LHC: No Smashing Until Spring
GENEVA, Sept. 23, 2008 -- Investigation into the cause of a large helium leak at the Large Hadron Collider (LHC) and repairs to the magnets that quenched during the leak mean the atom smasher won't restart until spring 2009, officials at CERN, the organization hosting the particle accelerator, announced Tuesday.
"Coming immediately after the very successful start of LHC operation on 10 September, this is undoubtedly a psychological blow," said CERN Director General Robert Aymar. "Nevertheless, the success of the LHC's first operation with beam is testimony to years of painstaking preparation and the skill of the teams involved in building and running CERN's accelerator complex. I have no doubt that we will overcome this setback with the same degree of rigour and application."
A faulty electrical connection between two of the accelerator's magnets is seen as the most likely cause of a large helium leak in sector 3-4 of the LHC tunnel Friday, Sept. 19. Before scientists can pinpoint the cause, they need to bring the section to room temperature and open the magnets involved for inspection, a process that takes three or four weeks. The superconducting electromagnets in the accelerator require liquid helium to keep them cool enough to operate, and helium becomes a liquid only at temperatures near absolute zero.
The time necessary for the investigation and repairs will be run into CERN's obligatory winter maintenance period, when the facility normally shuts down for repairs and updates, so restarting the accelerator will move to early spring 2009, officials said, after which will follow the generating of LHC beams.
"Particle accelerators such as the LHC are unique machines, built at the cutting edge of technology. Each is its own prototype, and teething troubles at the startup phase are therefore always possible," CERN said in a press release.
“The LHC is a very complex instrument, huge in scale and pushing technological limits in many areas,” said Peter Limon, who was responsible for commissioning the world’s first large-scale superconducting accelerator, the Tevatron at Fermilab on Long Island. “Events occur from time to time that temporarily stop operations, for shorter or longer periods, especially during the early phases.”
"I am confident that our colleagues at CERN will solve the problem speedily and we will continue to support them as much as we can," said Albrecht Wagner, director of Germany's DESY, home of the HERA superconducting particle accelerator, which ran from 1992 to 2007.

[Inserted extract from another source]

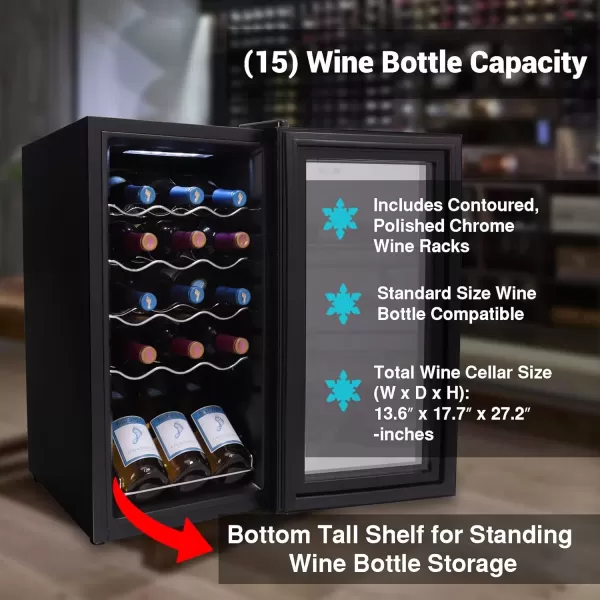 imageNutriChef PKCWC340 Wine Refrigerator Cellar Storage and 9345 Liters Internal Capacity Single Zone Chiller with Digital Touch Button Control Placement for Standing Air Tight Seal 34 BottleBlackBlack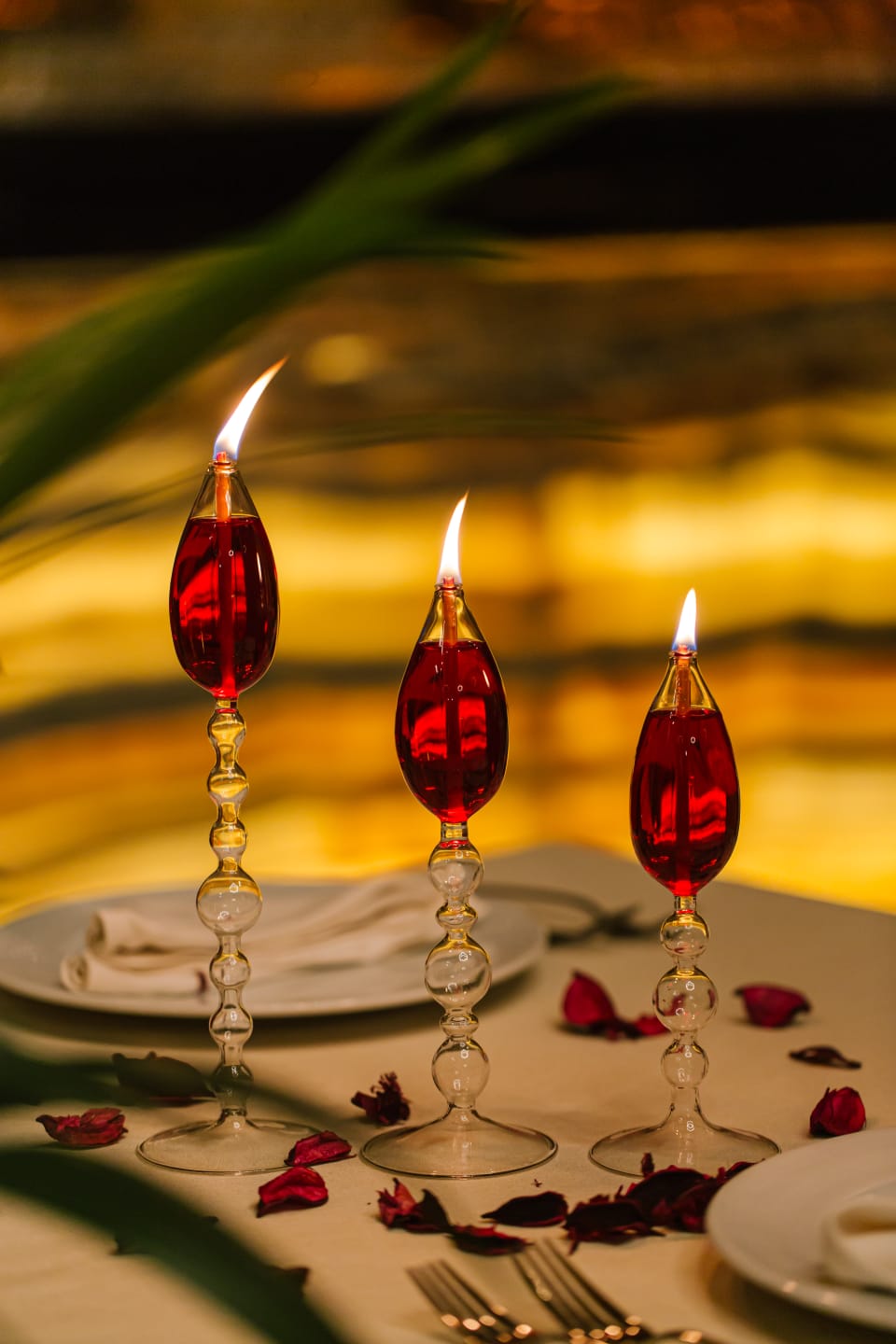 Quem Handmade Glass Oil Candle with Glass Wick, Modern Home Decor. Clear Decorative Oil Candlestick. Set of 3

The LHC is expected to reveal a world of unknown particles, and LHC experiments could explain why those particles exist and behave as they do. They could reveal the origins of mass, shed light on dark matter, uncover hidden symmetries of the universe and possibly find extra dimensions of space. Its 17-mile racetrack for accelerating and colliding particles at nearly light speed is located deep underground near Geneva, Switzerland, and straddles the Swiss and French borders. It cost more than $8 billion to build.